Productivity index (PI) reduction is a recognized phenomenon in oil and gas production to the extent that production becomes uneconomic. Productivity index (PI) decrease may be caused by several factors arising from reservoir, completion, and operational issues. The reservoir-related factors include compaction, fines migration, pressure support and multi-phase fluid flow. The completion-related issues arise from frac-pack geometry and stress-sensitivity of proppant conductivity. Finally, operational issues such as pressure drawdown at the sandface and induced flux (the movement of fluids across the completion) may also play a large role in PI degradation. Understanding the interactions of different parameters controlling the PI behavior and the resultant well performance is paramount for maximizing the ultimate recovery and net-present value or NPV. PI modeling may offer several challenges because it involves non-unique solutions for reservoirs and near-wellbore and well-completion status, in addition to manual data entry subject to human errors, uncertainties in reservoir parameters, and poor quality field data.

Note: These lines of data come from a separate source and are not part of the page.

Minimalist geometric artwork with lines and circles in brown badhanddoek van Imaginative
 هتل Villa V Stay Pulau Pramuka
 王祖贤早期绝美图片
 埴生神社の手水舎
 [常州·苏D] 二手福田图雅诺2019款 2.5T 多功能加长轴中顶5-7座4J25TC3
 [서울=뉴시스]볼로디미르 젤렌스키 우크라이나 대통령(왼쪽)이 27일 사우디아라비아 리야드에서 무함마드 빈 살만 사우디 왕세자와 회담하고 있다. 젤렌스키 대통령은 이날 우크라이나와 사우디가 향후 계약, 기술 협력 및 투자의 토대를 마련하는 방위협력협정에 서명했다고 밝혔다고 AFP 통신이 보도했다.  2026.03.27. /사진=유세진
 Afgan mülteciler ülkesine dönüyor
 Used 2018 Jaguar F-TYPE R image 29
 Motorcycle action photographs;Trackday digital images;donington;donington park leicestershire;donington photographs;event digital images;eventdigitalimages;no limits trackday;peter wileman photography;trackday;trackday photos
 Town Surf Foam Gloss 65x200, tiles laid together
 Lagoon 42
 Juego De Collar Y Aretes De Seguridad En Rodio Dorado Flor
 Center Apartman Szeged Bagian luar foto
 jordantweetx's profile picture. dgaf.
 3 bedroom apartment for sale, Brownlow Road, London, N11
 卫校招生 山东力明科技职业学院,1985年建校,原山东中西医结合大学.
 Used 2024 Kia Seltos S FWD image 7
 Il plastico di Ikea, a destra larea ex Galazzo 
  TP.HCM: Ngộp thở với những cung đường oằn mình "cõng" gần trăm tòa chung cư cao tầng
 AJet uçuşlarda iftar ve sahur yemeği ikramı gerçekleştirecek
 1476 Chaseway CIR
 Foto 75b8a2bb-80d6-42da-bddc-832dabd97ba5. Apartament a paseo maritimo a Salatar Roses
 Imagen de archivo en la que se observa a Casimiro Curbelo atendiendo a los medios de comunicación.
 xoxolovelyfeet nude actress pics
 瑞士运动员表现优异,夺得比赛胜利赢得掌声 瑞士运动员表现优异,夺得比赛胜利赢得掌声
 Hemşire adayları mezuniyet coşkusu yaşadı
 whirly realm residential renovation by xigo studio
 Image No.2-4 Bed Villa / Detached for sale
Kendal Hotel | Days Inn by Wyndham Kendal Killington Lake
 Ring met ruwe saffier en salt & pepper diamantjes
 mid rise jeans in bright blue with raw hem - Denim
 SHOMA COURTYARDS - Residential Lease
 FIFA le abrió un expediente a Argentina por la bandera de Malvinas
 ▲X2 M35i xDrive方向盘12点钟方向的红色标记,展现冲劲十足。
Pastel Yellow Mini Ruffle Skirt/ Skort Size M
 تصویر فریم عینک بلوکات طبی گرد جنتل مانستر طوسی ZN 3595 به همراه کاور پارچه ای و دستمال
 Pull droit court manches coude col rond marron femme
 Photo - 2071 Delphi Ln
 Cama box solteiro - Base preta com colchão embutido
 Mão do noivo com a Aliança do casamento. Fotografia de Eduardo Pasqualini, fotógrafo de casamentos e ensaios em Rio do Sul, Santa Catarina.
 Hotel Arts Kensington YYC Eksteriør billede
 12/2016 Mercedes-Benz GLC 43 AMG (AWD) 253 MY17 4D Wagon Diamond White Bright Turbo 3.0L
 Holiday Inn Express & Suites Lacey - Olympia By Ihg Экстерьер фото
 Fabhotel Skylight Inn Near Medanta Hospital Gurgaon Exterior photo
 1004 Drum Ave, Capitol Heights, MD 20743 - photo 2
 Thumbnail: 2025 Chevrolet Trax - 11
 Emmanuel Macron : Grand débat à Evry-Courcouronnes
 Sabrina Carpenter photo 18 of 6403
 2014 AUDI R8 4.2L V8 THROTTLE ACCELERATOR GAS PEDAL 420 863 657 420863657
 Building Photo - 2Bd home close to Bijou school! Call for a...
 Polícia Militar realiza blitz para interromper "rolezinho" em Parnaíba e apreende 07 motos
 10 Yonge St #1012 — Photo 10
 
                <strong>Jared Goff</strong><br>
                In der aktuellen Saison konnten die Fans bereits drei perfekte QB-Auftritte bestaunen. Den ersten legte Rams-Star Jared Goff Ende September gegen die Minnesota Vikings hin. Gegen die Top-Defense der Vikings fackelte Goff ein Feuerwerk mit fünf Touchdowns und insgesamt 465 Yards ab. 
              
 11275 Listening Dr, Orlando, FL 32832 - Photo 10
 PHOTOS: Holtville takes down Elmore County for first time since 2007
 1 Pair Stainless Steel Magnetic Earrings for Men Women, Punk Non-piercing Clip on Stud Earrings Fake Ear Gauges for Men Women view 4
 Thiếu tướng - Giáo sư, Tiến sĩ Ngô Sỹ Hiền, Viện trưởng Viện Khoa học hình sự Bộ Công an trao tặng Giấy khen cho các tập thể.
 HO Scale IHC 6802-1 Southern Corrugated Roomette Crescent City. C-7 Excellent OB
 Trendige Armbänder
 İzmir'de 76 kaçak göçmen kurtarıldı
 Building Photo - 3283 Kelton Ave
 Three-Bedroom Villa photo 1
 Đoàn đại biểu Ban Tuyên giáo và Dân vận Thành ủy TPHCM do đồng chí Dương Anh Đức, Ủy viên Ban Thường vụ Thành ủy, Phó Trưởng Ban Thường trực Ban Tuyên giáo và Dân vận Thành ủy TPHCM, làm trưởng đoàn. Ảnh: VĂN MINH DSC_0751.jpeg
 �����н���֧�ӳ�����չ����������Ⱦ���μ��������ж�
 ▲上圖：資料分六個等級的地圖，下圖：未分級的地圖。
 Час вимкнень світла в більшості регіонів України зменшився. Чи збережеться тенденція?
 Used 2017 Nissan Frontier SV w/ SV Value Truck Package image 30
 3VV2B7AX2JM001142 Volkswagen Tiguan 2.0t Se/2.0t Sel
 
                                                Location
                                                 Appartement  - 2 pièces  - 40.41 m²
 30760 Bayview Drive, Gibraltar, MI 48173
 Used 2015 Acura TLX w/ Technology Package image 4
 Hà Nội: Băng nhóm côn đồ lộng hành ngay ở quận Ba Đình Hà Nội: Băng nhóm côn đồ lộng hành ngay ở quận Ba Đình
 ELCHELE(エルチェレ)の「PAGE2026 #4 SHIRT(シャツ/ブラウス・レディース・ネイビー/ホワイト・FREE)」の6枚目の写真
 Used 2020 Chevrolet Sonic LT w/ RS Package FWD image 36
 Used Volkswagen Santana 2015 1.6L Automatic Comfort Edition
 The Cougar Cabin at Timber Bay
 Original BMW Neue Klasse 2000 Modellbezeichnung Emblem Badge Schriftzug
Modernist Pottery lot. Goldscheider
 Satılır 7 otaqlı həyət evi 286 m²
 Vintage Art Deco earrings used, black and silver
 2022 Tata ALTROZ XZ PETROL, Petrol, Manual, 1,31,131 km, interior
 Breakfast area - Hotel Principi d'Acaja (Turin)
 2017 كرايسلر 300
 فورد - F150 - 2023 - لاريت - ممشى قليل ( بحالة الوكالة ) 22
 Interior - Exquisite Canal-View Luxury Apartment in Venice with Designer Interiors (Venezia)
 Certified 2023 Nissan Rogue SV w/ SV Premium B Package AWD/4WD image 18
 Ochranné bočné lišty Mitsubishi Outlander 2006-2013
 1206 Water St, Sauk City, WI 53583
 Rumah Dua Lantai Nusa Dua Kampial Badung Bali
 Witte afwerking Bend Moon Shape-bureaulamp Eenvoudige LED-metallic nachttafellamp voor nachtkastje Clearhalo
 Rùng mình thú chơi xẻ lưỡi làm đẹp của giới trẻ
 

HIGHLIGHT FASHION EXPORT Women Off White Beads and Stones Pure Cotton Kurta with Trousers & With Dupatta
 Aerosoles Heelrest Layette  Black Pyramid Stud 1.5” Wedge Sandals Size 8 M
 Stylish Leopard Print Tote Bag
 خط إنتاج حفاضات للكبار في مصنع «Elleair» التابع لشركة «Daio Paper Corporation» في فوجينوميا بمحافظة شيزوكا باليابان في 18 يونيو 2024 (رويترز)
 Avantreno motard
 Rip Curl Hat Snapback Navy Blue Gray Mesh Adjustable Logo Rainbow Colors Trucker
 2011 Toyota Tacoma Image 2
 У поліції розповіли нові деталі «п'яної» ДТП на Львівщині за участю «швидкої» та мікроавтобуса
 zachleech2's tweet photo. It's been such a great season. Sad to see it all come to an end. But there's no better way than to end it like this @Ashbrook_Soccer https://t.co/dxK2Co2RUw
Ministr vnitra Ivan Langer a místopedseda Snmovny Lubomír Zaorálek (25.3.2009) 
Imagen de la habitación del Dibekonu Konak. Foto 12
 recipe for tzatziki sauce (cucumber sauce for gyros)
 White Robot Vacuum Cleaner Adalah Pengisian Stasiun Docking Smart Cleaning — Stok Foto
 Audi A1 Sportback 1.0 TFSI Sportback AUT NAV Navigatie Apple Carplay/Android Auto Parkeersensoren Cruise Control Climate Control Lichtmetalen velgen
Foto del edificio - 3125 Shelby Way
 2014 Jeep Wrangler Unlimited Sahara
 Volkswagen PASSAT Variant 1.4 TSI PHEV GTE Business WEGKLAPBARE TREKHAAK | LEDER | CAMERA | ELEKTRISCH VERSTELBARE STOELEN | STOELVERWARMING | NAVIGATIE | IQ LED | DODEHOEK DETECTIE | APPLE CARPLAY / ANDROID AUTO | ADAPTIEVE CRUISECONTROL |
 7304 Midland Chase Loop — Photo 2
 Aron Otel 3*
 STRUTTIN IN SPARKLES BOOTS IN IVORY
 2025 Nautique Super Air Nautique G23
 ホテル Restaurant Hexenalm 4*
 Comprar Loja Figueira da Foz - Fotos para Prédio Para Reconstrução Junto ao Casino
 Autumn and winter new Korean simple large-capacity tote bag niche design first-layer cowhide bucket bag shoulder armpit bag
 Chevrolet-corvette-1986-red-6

This study presents a workflow for modeling well PI degradation for an over-pressured gas/condensate reservoir in deep offshore Gulf of Mexico. An automated procedure was tailored and applied to match production history by adjusting both the reservoir and well completion parameters. Among the reservoir parameters considered were horizontal stresses, rock compressibility, absolute permeability, relative-permeability endpoints and curvature, porosity, stress-sensitive permeability and porosity. The well completion parameters included fracture length, height, width, conductivity, and stress. A "Tabu Scatter Search" optimizer engine (April et al, 2003) selected the optimal values of a set of input parameters to minimize the objective function, i.e. the error between the measured and calculated PI values.
Both reservoir and well completion parameters contributing to PI degradation were identified, and compared to those obtained by alternate methods. The relative and combined contributions of stress-sensitive reservoir compressibility, permeability, porosity, and fracture conductivity all helped understand well performance and guide decisions towards optimum well operating envelope.